Exclude the pictures and repeat all of the data exactly.

* Available data
□ □ □ □ □ □ □
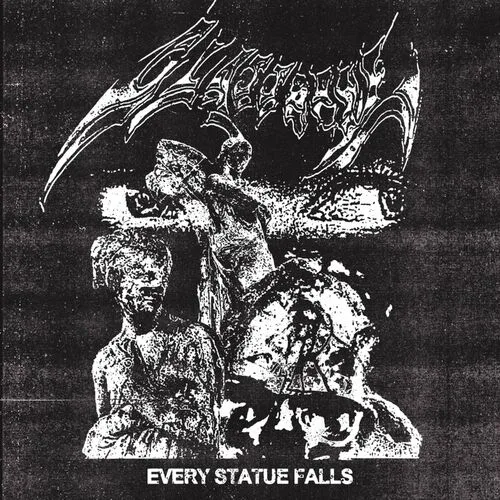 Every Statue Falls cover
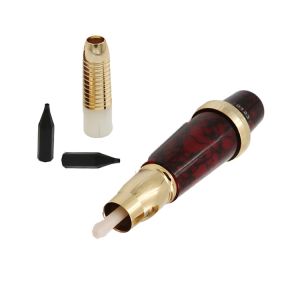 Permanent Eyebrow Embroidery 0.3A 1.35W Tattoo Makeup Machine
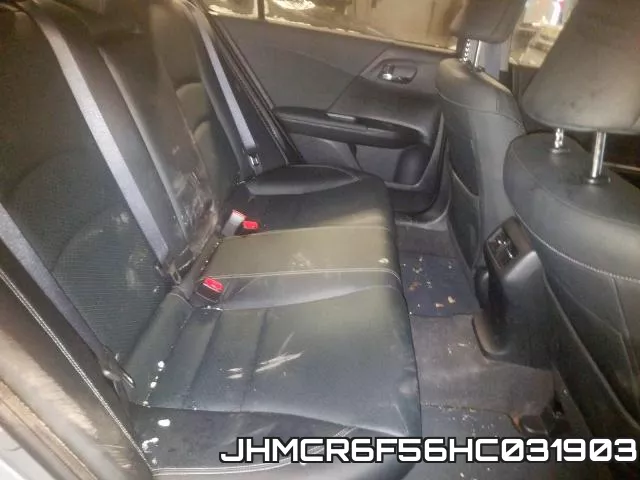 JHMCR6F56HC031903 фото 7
□ □ □ □ □ □ □
* Written answer
 Every Statue Falls cover
 Permanent Eyebrow Embroidery 0.3A 1.35W Tattoo Makeup Machine
 JHMCR6F56HC031903 фото 7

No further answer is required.